Want an end-of-summer beach read that’ll turn heads faster than a Burkini ban? Consider Asma Lamrabet’s book, Women in the Qur’an: An Emancipatory Reading, which has just been translated into English from the French. Not only is the subject matter provocative, but the book cover seems vibrant and modern — a Warhol riff, with funky, saturated colors of smiling Muslim women, some wearing the hijab, some not.
The book by Lamrabet, a Moroccan scholar, is riding a burgeoning wave of feminist Muslim literature that aims to take back our narrative. As Muslim women, our voices seem to have been scrubbed from the conversation. But our stories, and influence, are central to many Qur’anic verses.
How’s this for a cool example? Over the weekend, my favorite feminist symbol repeated itself, as it has for 14 centuries and counting: Millions of Muslims walked in the footsteps of one woman—literally.
For the yearly pilgrimage known as Hajj, the devout follow the path of a woman named Hajer. The story goes that she frantically walked between two mounts, Al Safa and Al Marwa, seven times to find water for her child.
Yes, that means that everyone — men included — imitated a woman as part of the duties of Hajj (and of Umrah, a smaller pilgrimage that can be done at any time of the year). And unlike some aspects of everyday life in the Muslim world, men and women must walk shoulder to shoulder, unsegregated, during their pilgrimage to Saudi Arabia’s mountainous holy city of Makkah, the official spelling of the city many know as Mecca.
The Qur’an is “the primary and eternal source of the Islamic vision of life and human destiny,” Lamrabet writes in the book’s intro. She asks a tough question: Is it religion, as a system of values, that created the restrictions often associated with the oppression of women? Or is it something created by society, reformulating the teachings of the religious texts to suit whomever is in power at the moment? After all, women in the early days of Islam were seen as active and lively members of society.
But wait, a whole book about women in the Qur’an—were there really that many?
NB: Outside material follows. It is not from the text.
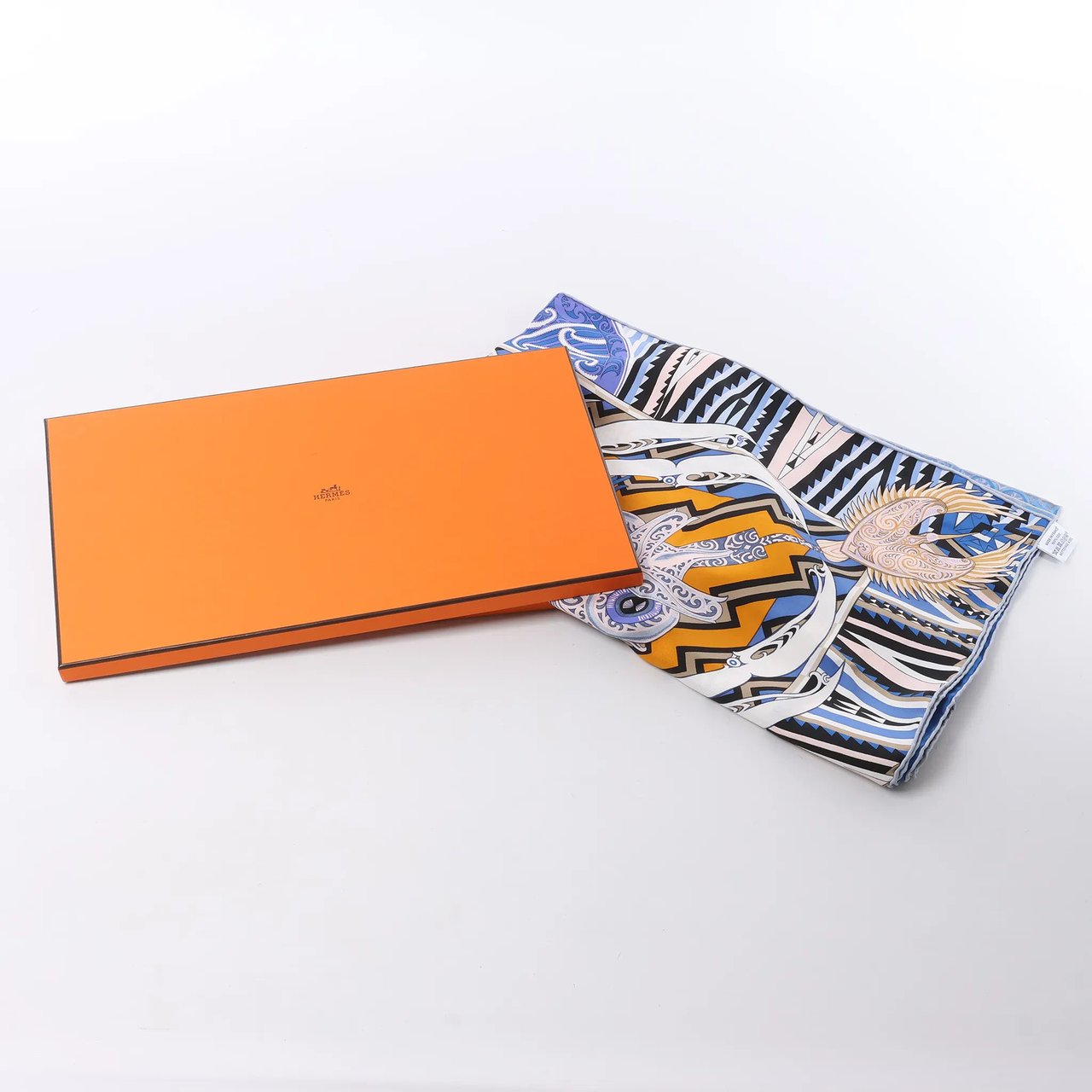 Hermès Carré 90 "Kawaora" Silk handkerchief in Blue Blauw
Yes.
Growing up in Saudi Arabia, I was taught to be modest about my accomplishments as a woman. From what I recall, we often didn’t get to read a lot about other Muslim women in history or literature courses at my school. Except in religion class. We had plenty of women to discuss there.
In fact, surat al Nisa, The Women, is the second-longest surah, or chapter, in the Qur’an. That chapter weaves together many vignettes, and ties the seemingly unrelated stories together to form a cohesive collective narrative. Because “mankind” also includes women, one could argue that the Qur’an speaks about, and to, both genders. The fact that the holy book dedicated a whole surah to women reveals how much it honors them.
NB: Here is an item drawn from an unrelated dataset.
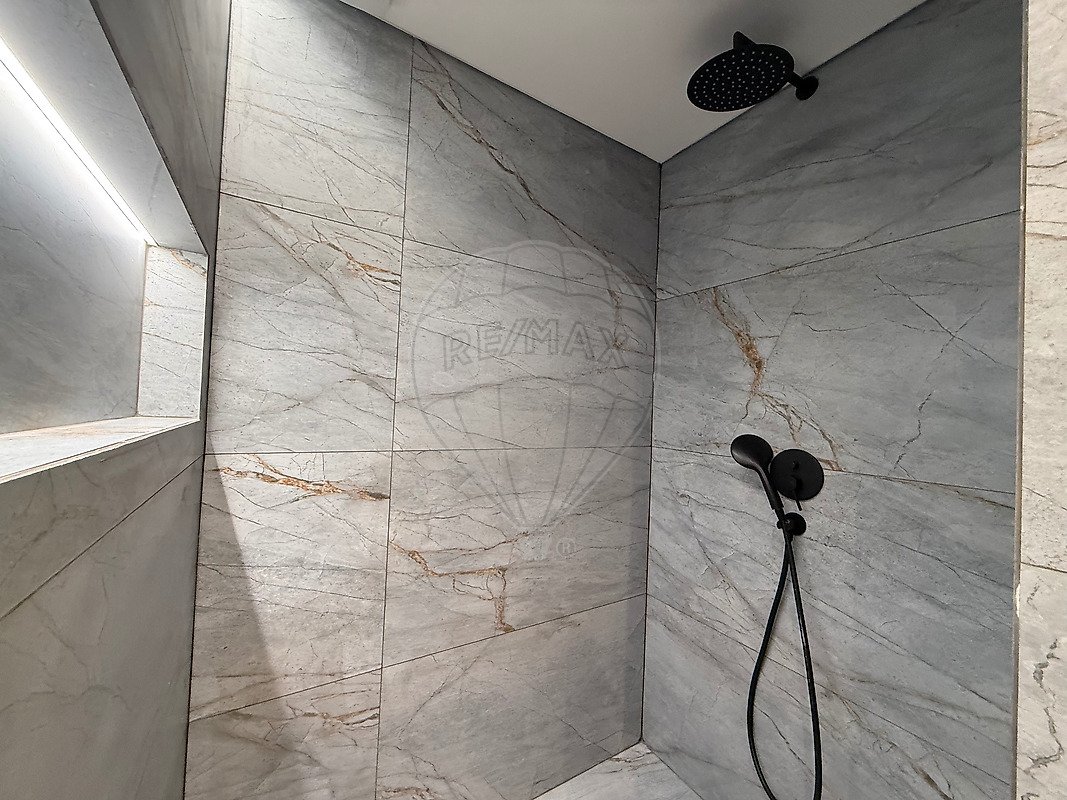 Appartamento a Santo Antonio, Lisbona, Portogallo 3 - 17332141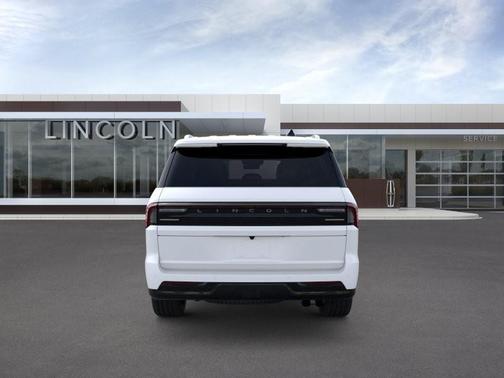 PRISTINE WHITE METALLIC 3C 2026 Lincoln Navigator Black Label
Men didn’t get their own surah.
Over the weekend, my favorite feminist symbol repeated itself, as it has for 14 centuries and counting: Millions of Muslims walked in the footsteps of one woman.
Although many of the women mentioned throughout the Qur’an are well-known figures in history, the point of those stories is to allow for any woman or girl to identify with the stories and lessons. Moses’ mother, the Pharoah’s wife and even the Queen of Sheba all make appearances. We can tell who they are based on the context and identifying details. (Only Mary, the mother of Jesus, is mentioned by name.)
Yes, it is true that many of the women are mentioned by their relationship to men: they are daughters, mothers or wives. That would seem unfair, but many of the men are also introduced as brothers, husbands or sons.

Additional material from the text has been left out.